:: What you will do ::
The answer is to be the lines below that lie between the line holding "Hospitalizan a doctora" and the line holding "Vestido midi de corte recto ajustado P 758", inclusive, transcribed exactly and free of pictures.

:: Provided information ::
= = = = = = =
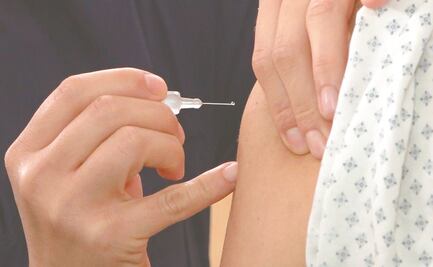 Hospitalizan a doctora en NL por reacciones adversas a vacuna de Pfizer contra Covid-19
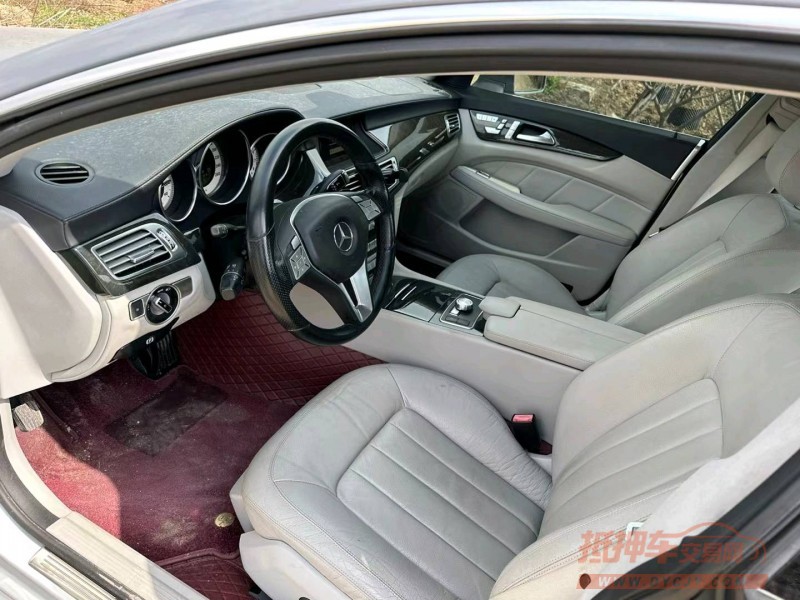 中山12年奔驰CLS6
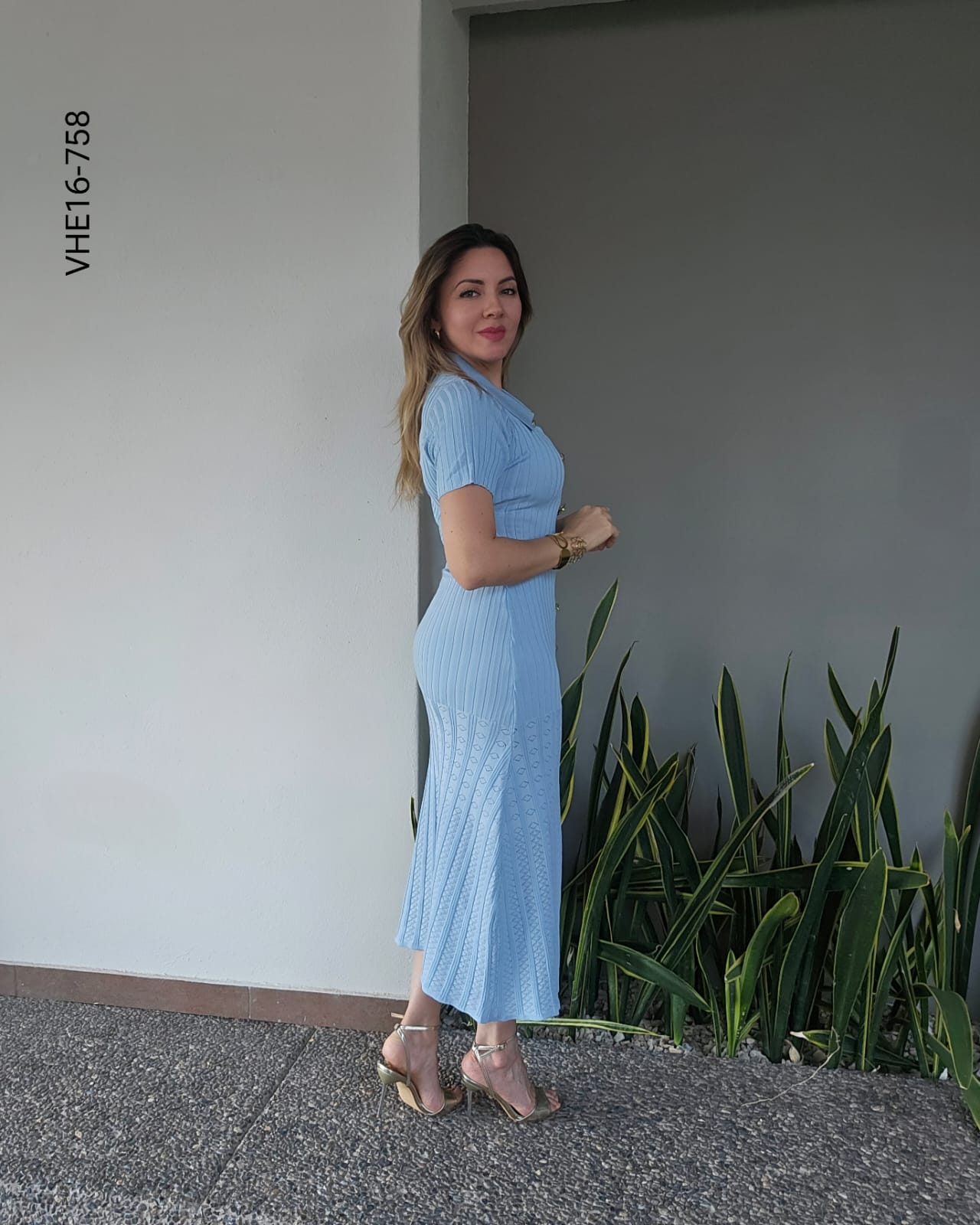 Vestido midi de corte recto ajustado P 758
= = = = = = =
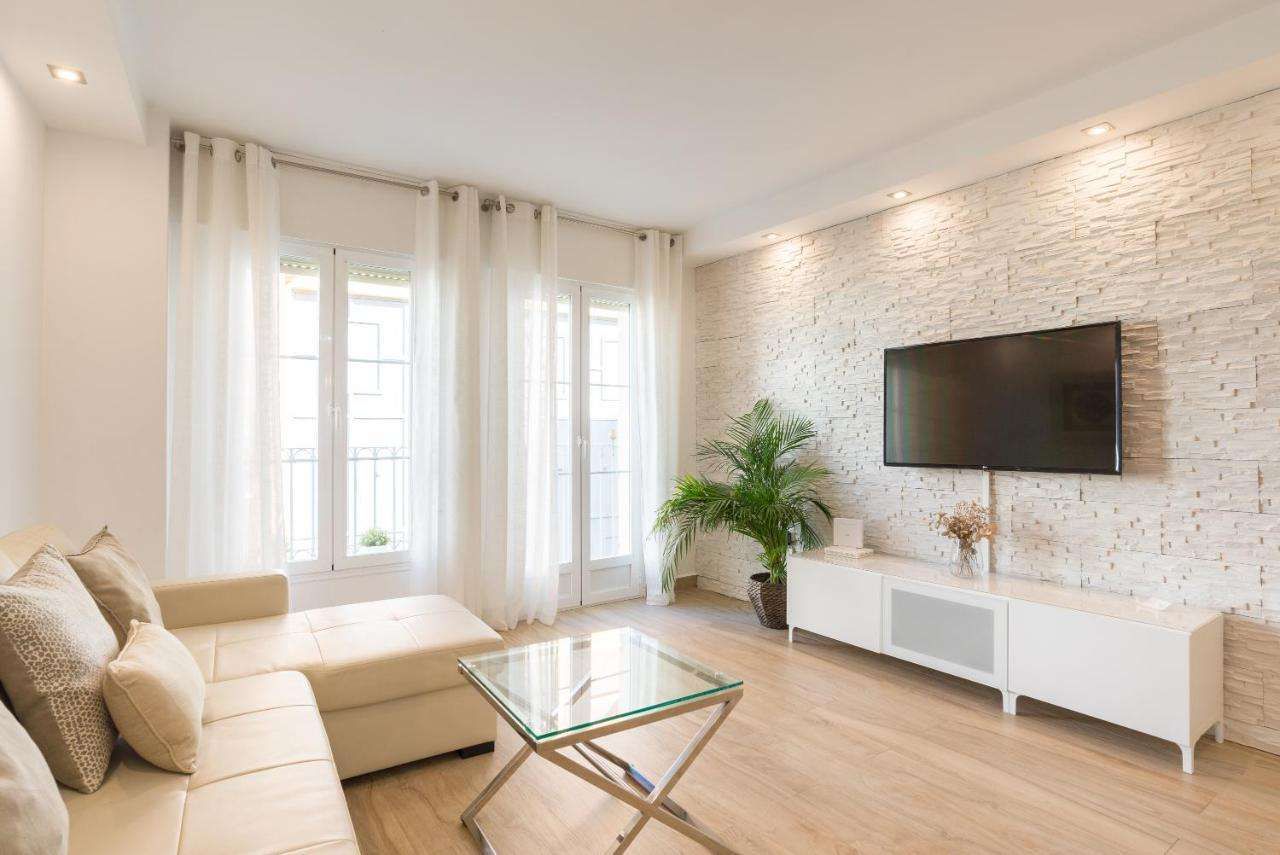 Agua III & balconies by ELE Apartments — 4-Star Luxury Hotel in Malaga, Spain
= = = = = = =
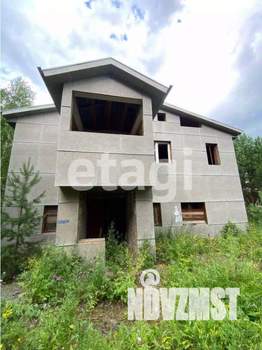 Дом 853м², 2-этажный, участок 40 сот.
= = = = = = =
:: Task output ::
 Hospitalizan a doctora en NL por reacciones adversas a vacuna de Pfizer contra Covid-19
 中山12年奔驰CLS6
 Vestido midi de corte recto ajustado P 758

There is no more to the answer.